Gentoo Archives: gentoo-user

From: Michel Catudal <mcatudal@×××××××.net>
To: gentoo-user@l.g.o
Subject: Re: [gentoo-user] Re: [~amd64] Keyboard stops working several times/day
Date: Sun, 16 Aug 2015 23:28:14
Message-Id: 55D11C6D.90801@comcast.net
In Reply to: [gentoo-user] Re: [~amd64] Keyboard stops working several times/day by walt
1 Le 2015-08-16 17:07, walt a écrit :
2 > On Sun, 16 Aug 2015 21:48:04 +0200
3 > Alan McKinnon <alan.mckinnon@×××××.com> wrote:
4 >
5 >> On 16/08/2015 21:42, walt wrote:
6 >>> On Sun, 16 Aug 2015 18:58:27 +0200
7 >>> Alan McKinnon <alan.mckinnon@×××××.com> wrote:
8 >>>
9 >>>> On 16/08/2015 18:45, walt wrote:
10 >>>>> I've been seeing this keyboard problem for the past few weeks:
11 >>>>> after running some command from a bash prompt (haven't tried zsh
12 >>>>> yet) the keyboard stops working. Almost like somebody unplugged
13 >>>>> the keyboard from its usb port (except that the LED on the
14 >>>>> keyboard stays lit so I know the power is still on).
15 >>>>>
16 >>>>> There are no error messages in journalctl or
17 >>>>> in /var/log/Xorg.0.log
18 >>>>>
19 >>>>> I don't know how to change to a console without using a
20 >>>>> ctrl-alt-Fn keystroke from the keyboard (anyone know if it's
21 >>>>> possible?).
22 >>>>>
23 >>>>> When I unplug the keyboard from the usb port I can see the kernel
24 >>>>> recognize the unplug event, which makes me think that it's not a
25 >>>>> kernel/usb bug or a broken wire in the keyboard cable.
26 >>>>>
27 >>>>> When I re-plug the keyboard into a usb port the keyboard
28 >>>>> immediately starts working normally again until the next time I
29 >>>>> happen to trigger the problem by running some black-magical
30 >>>>> command from a command prompt.

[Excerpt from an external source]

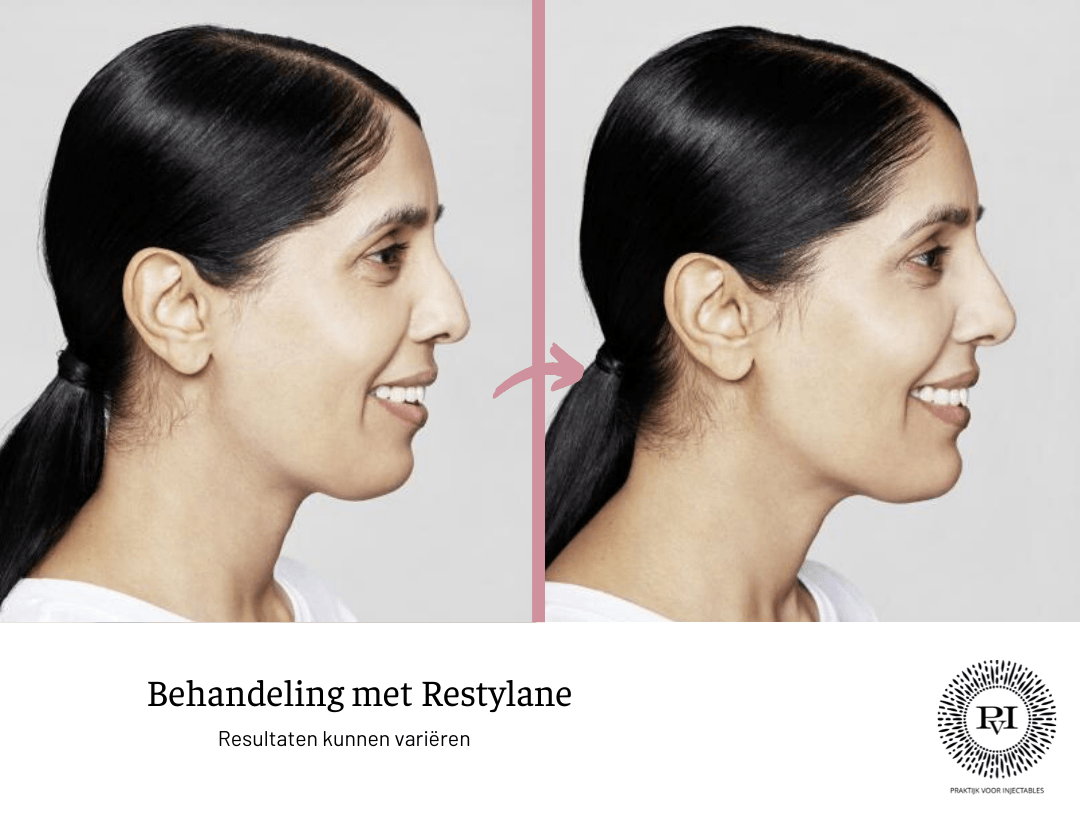 Restylane voor- en nafoto
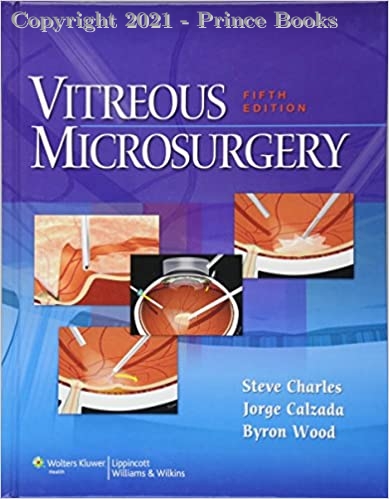 Vitreous Microsurgery, 5e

There is no particular command
31 >>>>> that causes it--it can be any arbitrary command AFAICT.
32 >>>>>
33 >>>>> Just one weird example: I can be typing a URL in a web browser
34 >>>>> window when a bash command finishes running in a terminal window
35 >>>>> and the keyboard stops working in the middle of my typing :(
36 >>>>>
37 >>>>> Any debugging suggestions would be most welcome.
38 >>>>
39 >>>> First step (more to half the problem space than anything else):
40 >>>>
41 >>>> Does the same happen if you use another keyboard?
42 >>> I agree with your assessment -- and I will buy another usb keyboard
43 >>> tomorrow because I'm using the only one I have and this machine has
44 >>> no ps/2 ports. Never thought I'd miss the ps/2 ports til now :)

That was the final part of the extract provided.